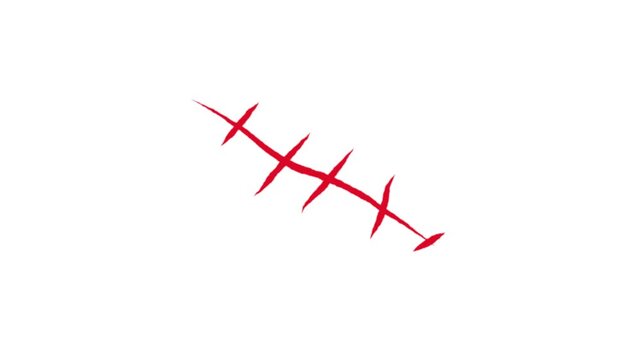 Animation of stitches after surgery, red wound, thin lines on a white background. 4k video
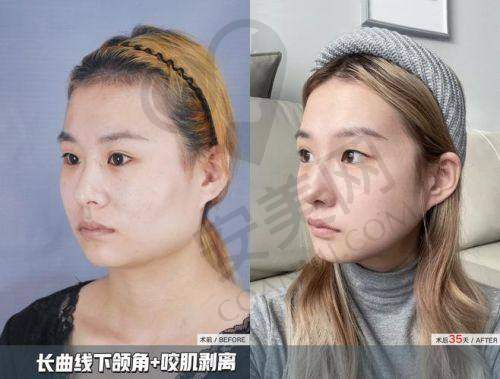 下颌角磨骨手术的成效能维持多久？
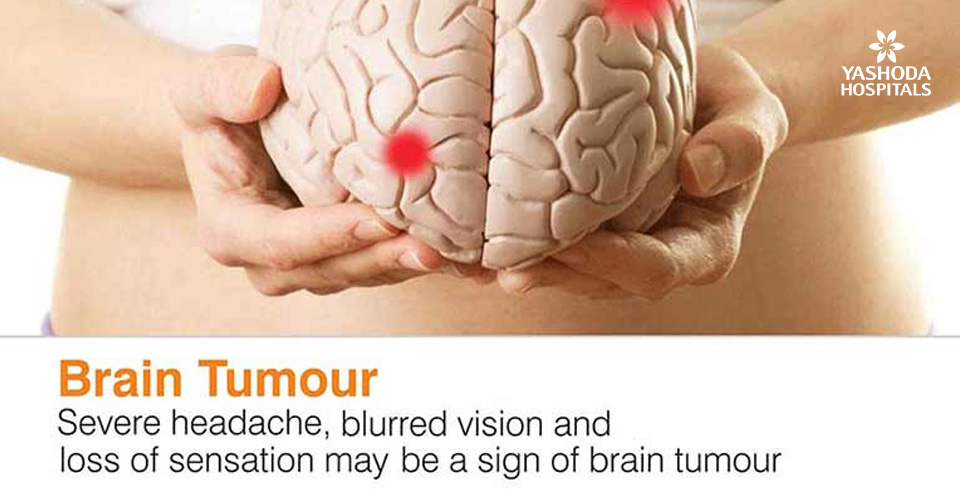 Brain Tumour Severe headache, blurred vision and loss of sensation may be a sign of brain tumour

◆ REQUIRED ACTION ◆
Every line above should be printed again word for word, without its pictures.

◆ WRITTEN REPLY ◆
 Animation of stitches after surgery, red wound, thin lines on a white background. 4k video
 下颌角磨骨手术的成效能维持多久？
 Brain Tumour Severe headache, blurred vision and loss of sensation may be a sign of brain tumour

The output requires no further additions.